Input data:
────────────────────────────────────────

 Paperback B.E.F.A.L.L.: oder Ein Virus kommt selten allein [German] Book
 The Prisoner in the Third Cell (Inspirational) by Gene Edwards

────────────────────────────────────────

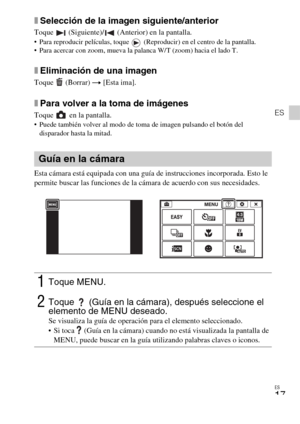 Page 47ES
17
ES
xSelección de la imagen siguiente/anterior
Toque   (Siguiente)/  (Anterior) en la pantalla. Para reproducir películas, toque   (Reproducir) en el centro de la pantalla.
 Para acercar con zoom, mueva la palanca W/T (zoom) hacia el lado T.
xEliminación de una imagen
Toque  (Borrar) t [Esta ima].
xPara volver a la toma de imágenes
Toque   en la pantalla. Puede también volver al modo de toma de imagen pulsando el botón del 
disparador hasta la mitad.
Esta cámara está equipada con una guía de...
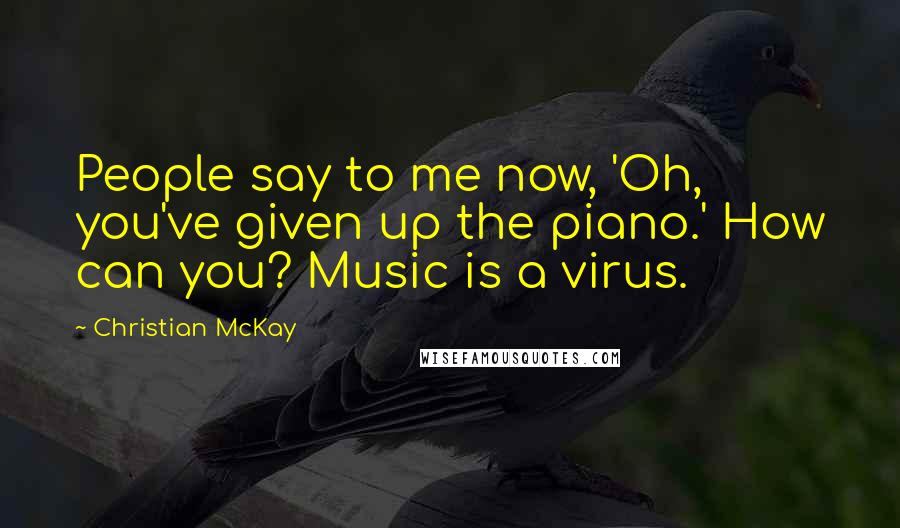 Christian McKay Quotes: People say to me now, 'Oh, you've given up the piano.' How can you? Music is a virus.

────────────────────────────────────────

About this exercise:
Out of the records above, please copy exactly the lines from the line with "xSelección de la imagen siguiente/anterior" up to and including the line with "Christian McKay Quotes: People", minus the pictures.

Finished exercise:
xSelección de la imagen siguiente/anterior
Toque   (Siguiente)/  (Anterior) en la pantalla. Para reproducir películas, toque   (Reproducir) en el centro de la pantalla.
 Para acercar con zoom, mueva la palanca W/T (zoom) hacia el lado T.
xEliminación de una imagen
Toque  (Borrar) t [Esta ima].
xPara volver a la toma de imágenes
Toque   en la pantalla. Puede también volver al modo de toma de imagen pulsando el botón del 
disparador hasta la mitad.
Esta cámara está equipada con una guía de...
 Christian McKay Quotes: People say to me now, 'Oh, you've given up the piano.' How can you? Music is a virus.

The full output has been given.